Zero-Day: Vulnerability Research & Discovery

Systematic methodology for finding novel, undisclosed vulnerabilities in source code, compiled binaries, and live systems. This skill guides the research process from intelligence gathering through proof-of-concept development to responsible disclosure.

This is the discovery skill - it finds vulnerabilities nobody has catalogued yet. For exploiting known weaknesses on live systems, use lockpick.
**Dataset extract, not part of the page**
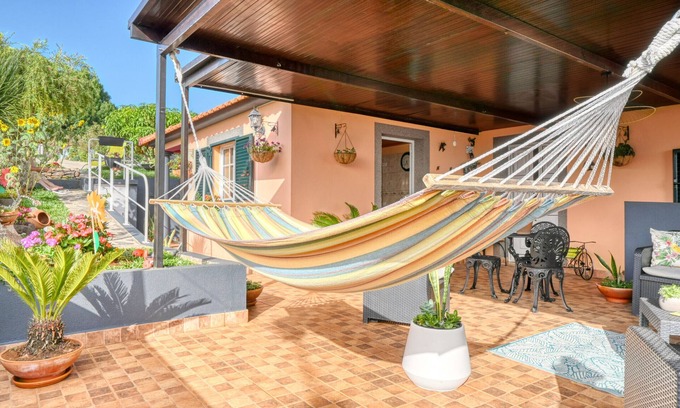 Ponta do Sol Hütte | Casa Primavera, a Home in Madeira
For scanning code against known vulnerability patterns, use security-audit.

Target versions (April 2026):

CodeQL CLI: v2.25.1
Semgrep: v1.157.0
Joern: v4.0.x
Ghidra: 12.0.4
AFL++: v4.40c
Rizin: v0.8.2

When to use

Hunting for undisclosed vulnerabilities in a codebase, binary, or running service
Variant analysis after a CVE is published (finding similar bugs in related code)
Patch diffing - analyzing what a security update fixed to find nearby issues
Developing proof-of-concept exploits for discovered vulnerabilities
Attack surface mapping before a focused security engagement
Gathering threat intelligence on a target's technology stack
Preparing responsible disclosure reports
Bug bounty target assessment and prioritization
Auditing your own projects for novel vulnerability classes
Hunting for cloud-native vulnerabilities (IAM, IMDS, cross-tenant isolation, serverless)

When NOT to use

Scanning for known vulnerability patterns or OWASP top 10 (use security-audit)
Post-exploitation privilege escalation or lateral movement (use lockpick)
General code correctness review or bug finding (use code-review)
Hardening containers, Kubernetes, or infrastructure (use kubernetes, docker, terraform)
Network firewall configuration or tuning (use firewall-appliance)
Without authorization from the target owner (own repos, bug bounty scope, or written permission)

AI Self-Check

Before reporting any vulnerability or generating exploit code, verify:

Workflow

Phase 0: Intelligence Gathering

Before touching code or binaries, understand what you're looking at and what the community already knows. This phase determines where to focus.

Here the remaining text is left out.